**Exercise objective:** Repeat the listing below line by line, exactly, leaving its pictures behind.

**Data:**
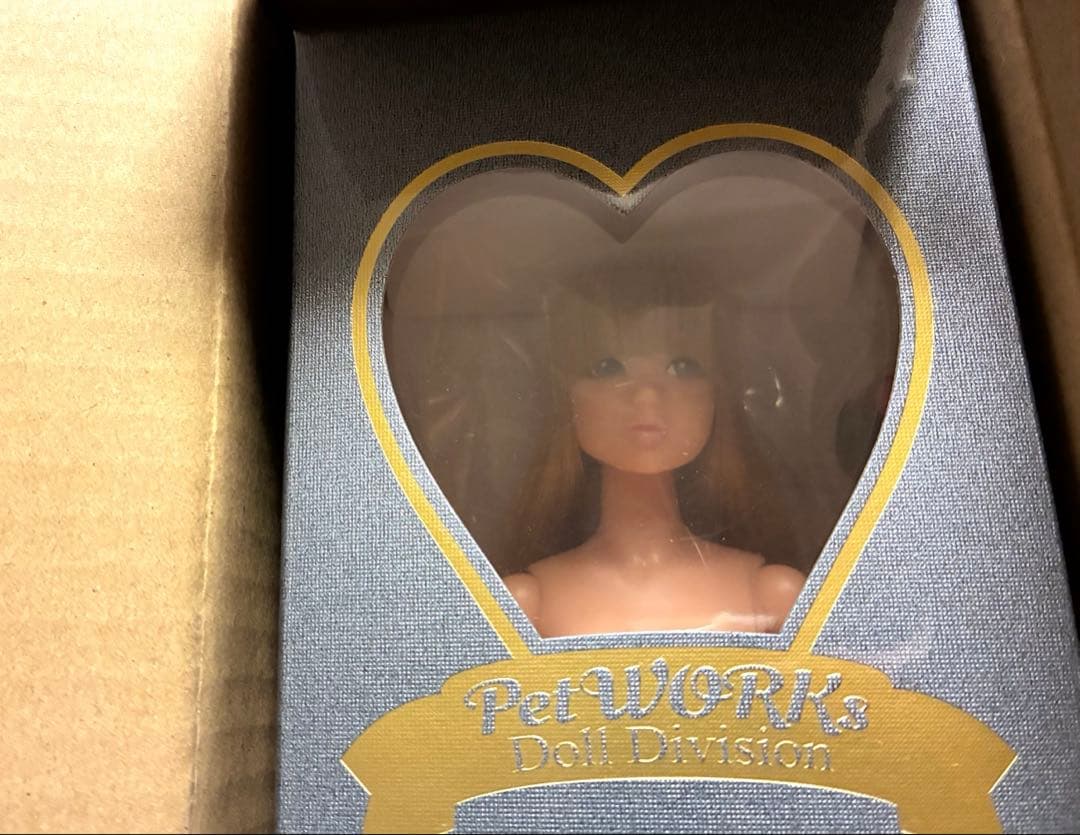 新品未使用　CCS 20AW momoko　petworks momoko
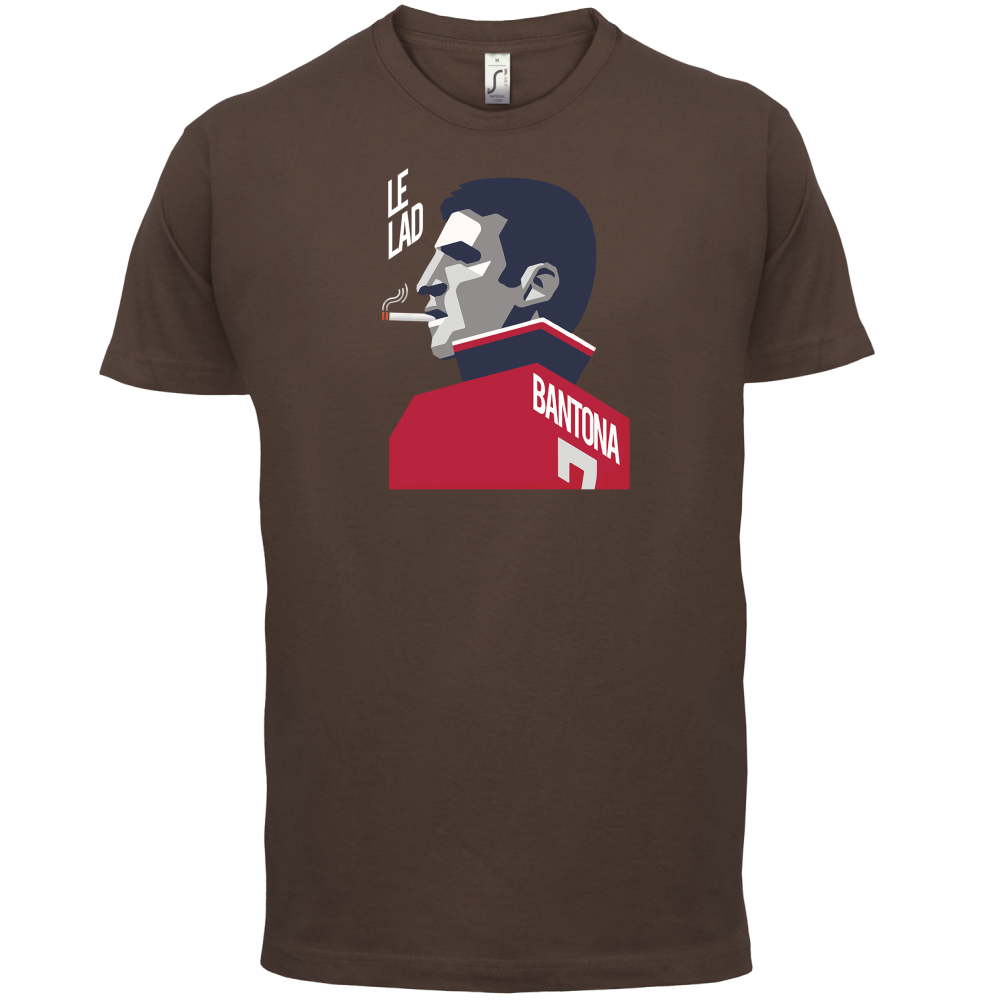 Bantona Le Lad T Shirt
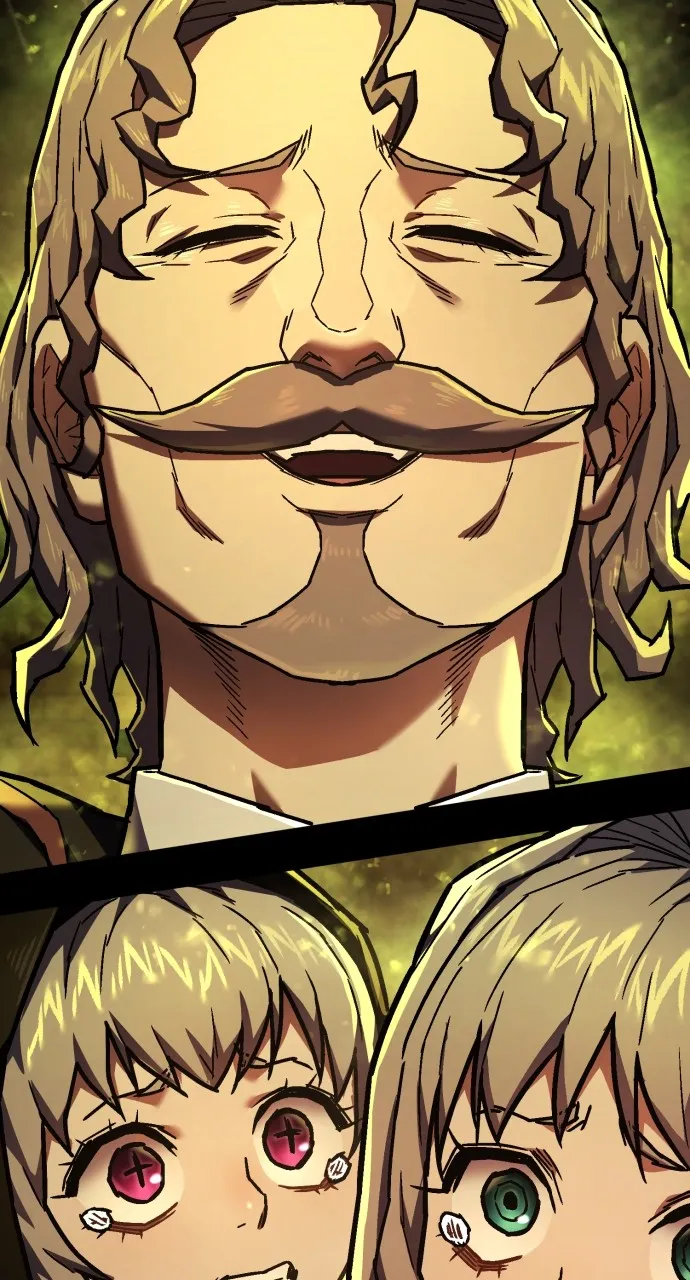 The Executioner Chapter 13 page 102 -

**Solved exercise:**
 新品未使用　CCS 20AW momoko　petworks momoko
 Bantona Le Lad T Shirt
 The Executioner Chapter 13 page 102 -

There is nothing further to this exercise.